● Records supplied:
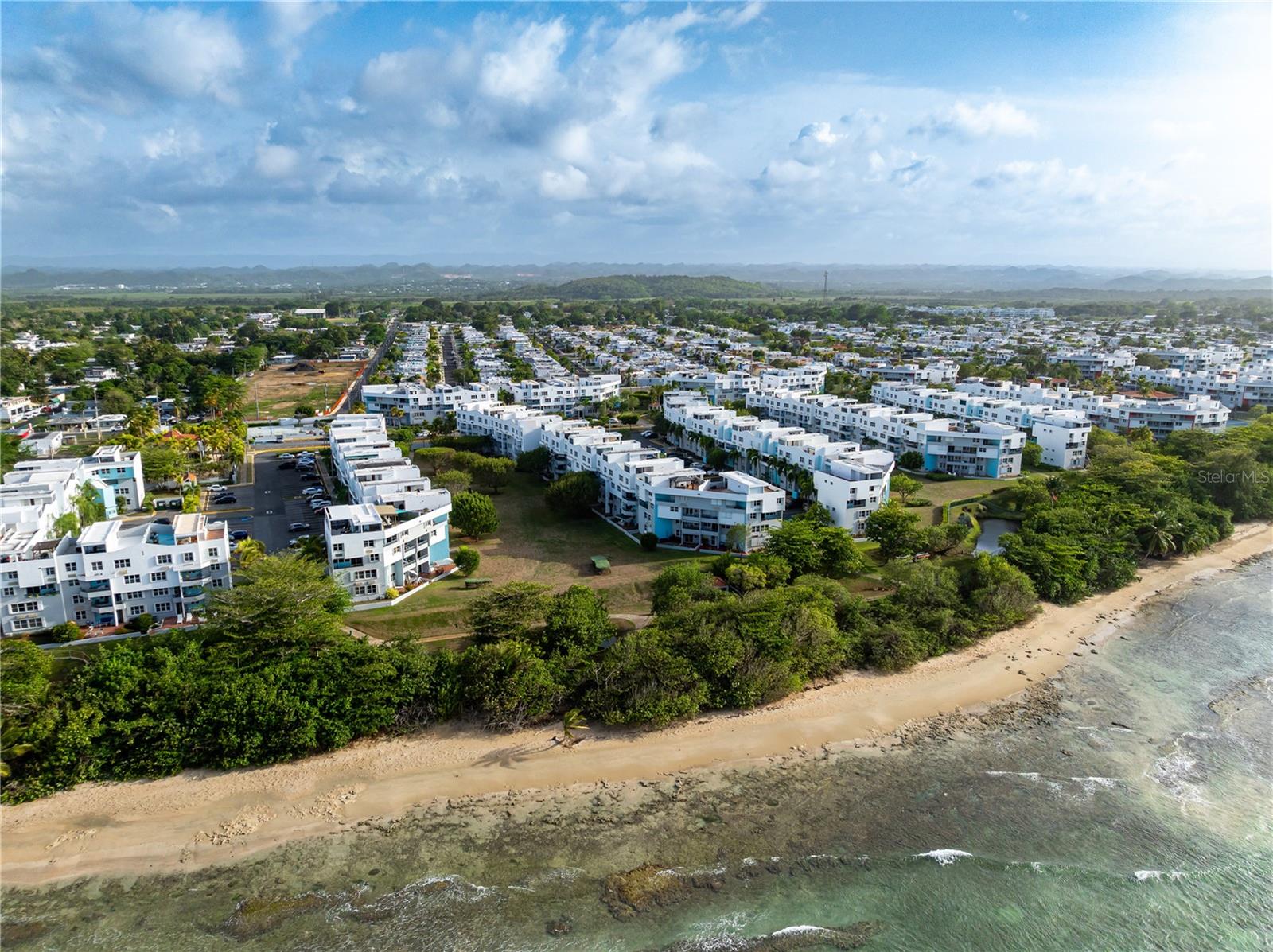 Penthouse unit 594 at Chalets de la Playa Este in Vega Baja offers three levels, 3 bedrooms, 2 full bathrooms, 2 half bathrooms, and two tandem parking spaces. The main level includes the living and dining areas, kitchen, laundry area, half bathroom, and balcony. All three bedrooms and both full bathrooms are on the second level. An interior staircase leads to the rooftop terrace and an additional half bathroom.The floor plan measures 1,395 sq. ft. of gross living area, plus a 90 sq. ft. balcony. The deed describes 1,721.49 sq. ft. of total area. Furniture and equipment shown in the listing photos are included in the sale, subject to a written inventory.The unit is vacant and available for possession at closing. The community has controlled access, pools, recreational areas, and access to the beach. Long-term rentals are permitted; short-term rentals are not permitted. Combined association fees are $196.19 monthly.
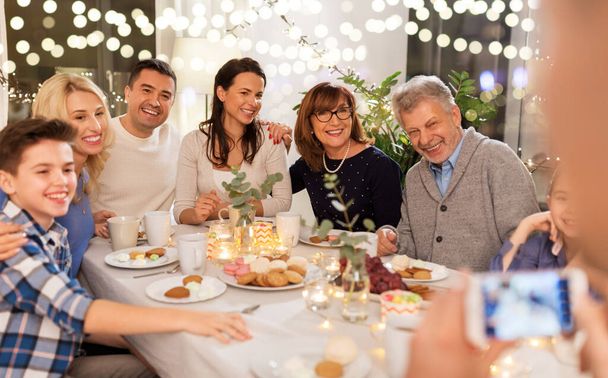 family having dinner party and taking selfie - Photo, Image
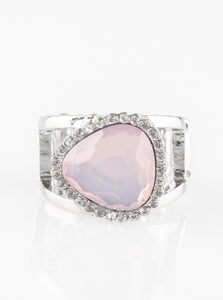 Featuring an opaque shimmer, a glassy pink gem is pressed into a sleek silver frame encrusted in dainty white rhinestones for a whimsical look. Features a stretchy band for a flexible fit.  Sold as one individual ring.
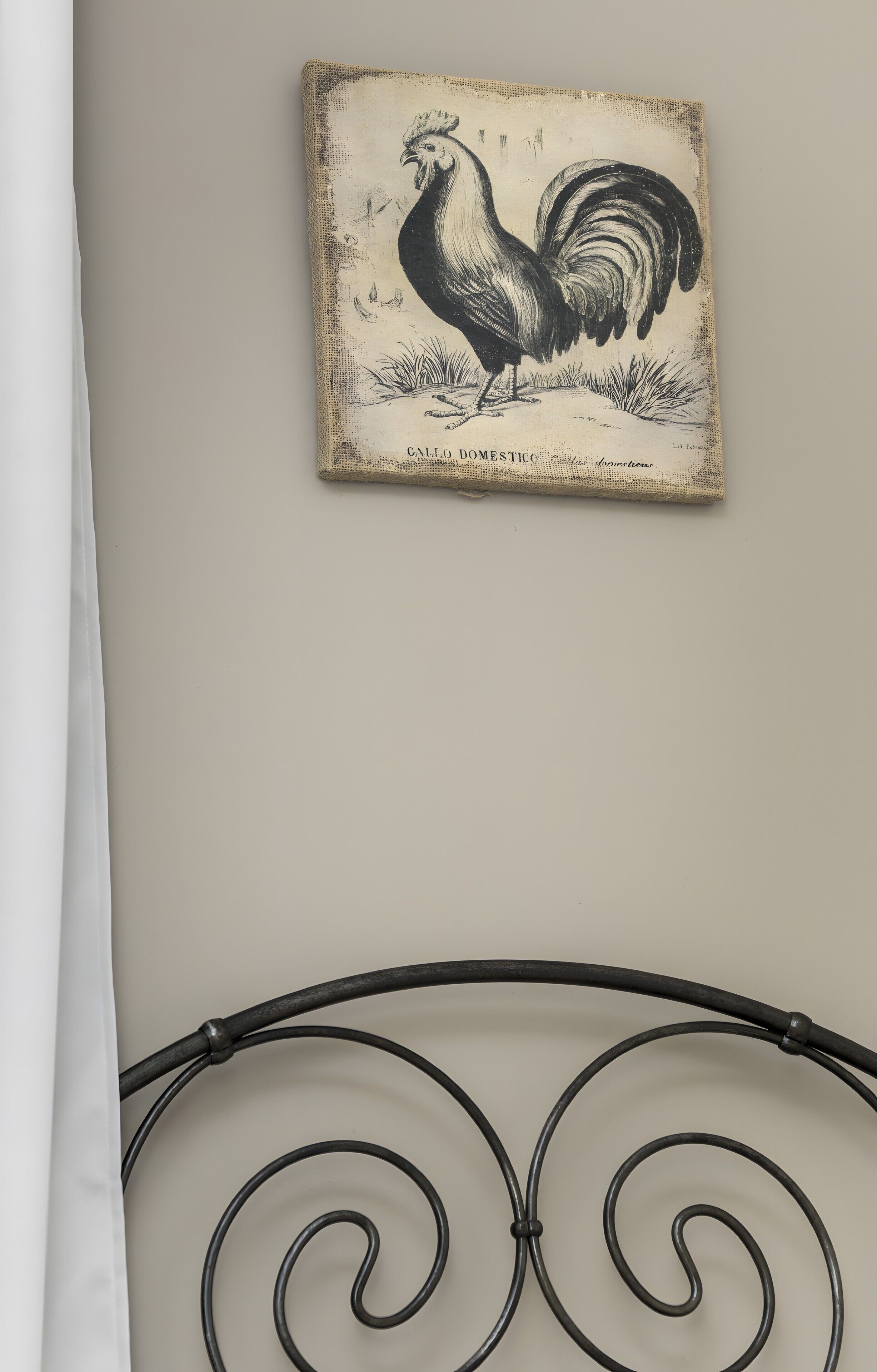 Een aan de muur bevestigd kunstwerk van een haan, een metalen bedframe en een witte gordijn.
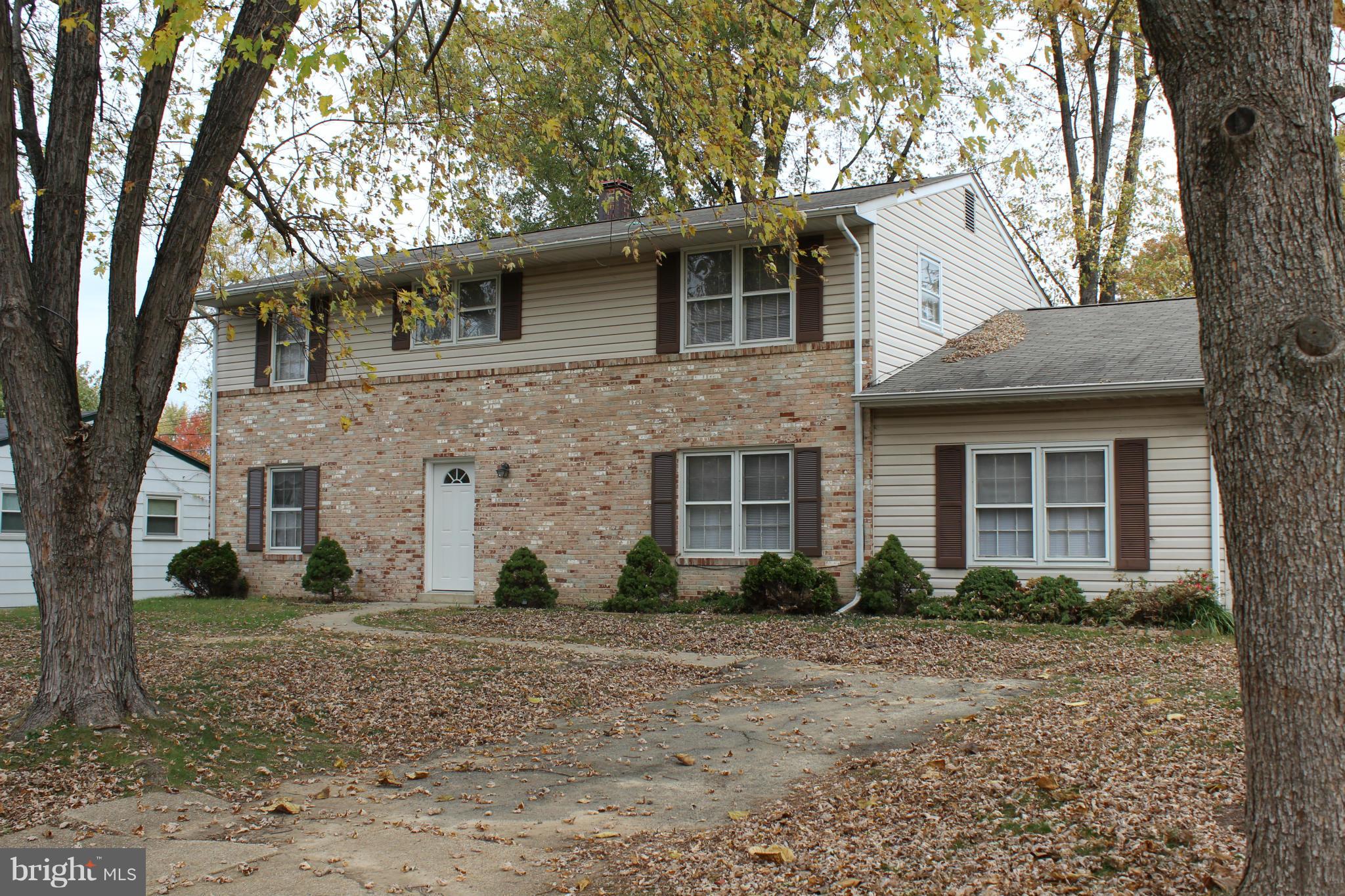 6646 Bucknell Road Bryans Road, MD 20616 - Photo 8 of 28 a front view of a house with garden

● Exercise instructions: From the line that contains "Featuring an opaque" to the end of the listing, give every line again exactly as written. Leave the pictures out.

● Result for this task:
 Featuring an opaque shimmer, a glassy pink gem is pressed into a sleek silver frame encrusted in dainty white rhinestones for a whimsical look. Features a stretchy band for a flexible fit.  Sold as one individual ring.
 Een aan de muur bevestigd kunstwerk van een haan, een metalen bedframe en een witte gordijn.
 6646 Bucknell Road Bryans Road, MD 20616 - Photo 8 of 28 a front view of a house with garden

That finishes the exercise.